Das Schiff erwies sich von Anfang an als Fehlinvestition. Es war toplastig, insbesondere durch die hohe Aufstellung der Mittelartillerie in Türmen auf dem Oberdeck statt im Batteriedeck in Kasematten. Eigentlich hatte das als fortschrittlich gegolten, da die Mittelartillerie nun bei jedem Seegang eingesetzt werden konnte, aber der Nachteil durch den zu hohen Schwerpunkt überwog eindeutig. Hinzu kam die Verwendung eines Längsschottes über fast die gesamte Länge des Schiffes, was die Neigung zum Kentern bei einseitigen Treffern unterhalb der Wasserlinie erhöhte. Fast alle russischen Linienschiffe der Borodino-Klasse in der desaströsen Schlacht von Tsushima kenterten, bevor sie sanken.

Das Schiff war insgesamt zu schwer, die maximale Verdrängung von 13.000 Tonnen wurde deutlich überschritten, was den Seitenpanzer unter die Wasserlinie drückte - mal ganz abgesehen von der Steuerungsfähigkeit. Wie auch andere russische Schiffe war die Zessarewitsch schlecht bewohnbar, da auf Luftzirkulation bzw Belüftung keinen gesteigerten Wert gelegt wurde.

Das Modell

Den Trumpeter-Bausatz der Zessarewitsch gibt es im Bauszustand 1904 oder 1917 (siehe Besprechung der 1917-Version). Bei letzterem Bausatz liegt eine zusätzliche Gussform bei mit den entsprechenden Änderungen. Mein Bausatz war der von 1904, an den 1917er Satz  mache ich mich dann im Winter.

Ich habe das Modell (trotz starker Bedenken) im Stile der berühmten Sammlung im Maßstab 1/42  im Marinemuseum St.Petersburg gebaut, also mit schwarzem Rumpf, ockerfarbenen Decksaufbauten/Schornsteinen und zum großen Teil verchromten bzw. hochglanzpolierten Beschlagteilen. Auch blanke Messingoberflächen bekommt man auf diesen Modellen reichlich zu sehen. Es handelt sich um reine Schaumodelle, die wenig mit dem tatsächlichen Aussehen der Schiffe zu tun haben, dafür aber recht hübsch anzuschauen sind. Die Zessarewitsch ist nicht vertreten in St. Petersburg, wohl aber der Lizenznachbau Borodino. Das Modell von 1917 wird dann aber wieder grau sein mit Alterungsspuren, keine Sorge.

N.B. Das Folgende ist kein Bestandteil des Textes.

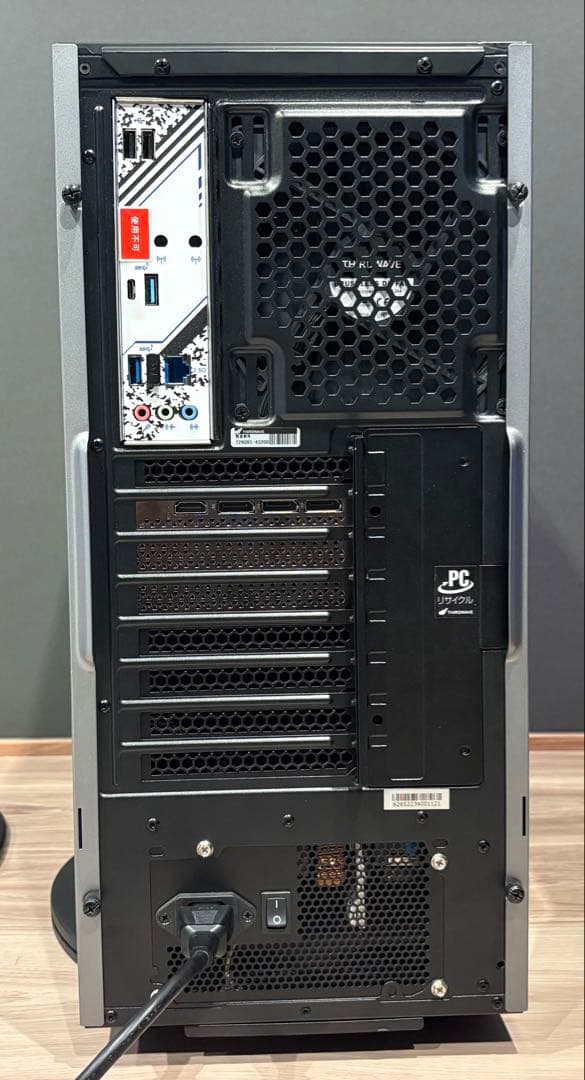 RTX4070ti　SSD2TB ゲーミングpc i7 13700F　ガレリア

Der Bausatz von Trumpeter ist eine wunderschöne Darstellung eines - seien wir ehrlich - doch eher hässlichen Exemplars französischer Schiffsbauästhetik des ausgehenden 19. Jahrhunderts. Der kurze dicke Rumpf im Tumblehome-Design, Rammsporn im Bug, die halbschwere Artillerie zwischen den turmhohen Aufbauten, darüber die beiden Fabrikschlote zwischen den abenteuerlich wirkenden waffenstarrenden Gefechtstürmen, haufenweise kleine und kleinste Geschütze auf den diversen Decks - viele Fehlentwicklungen dieser Jahre wurden niemals weiterverfolgt und wirken auf heutige Betrachter plump und anachronistisch.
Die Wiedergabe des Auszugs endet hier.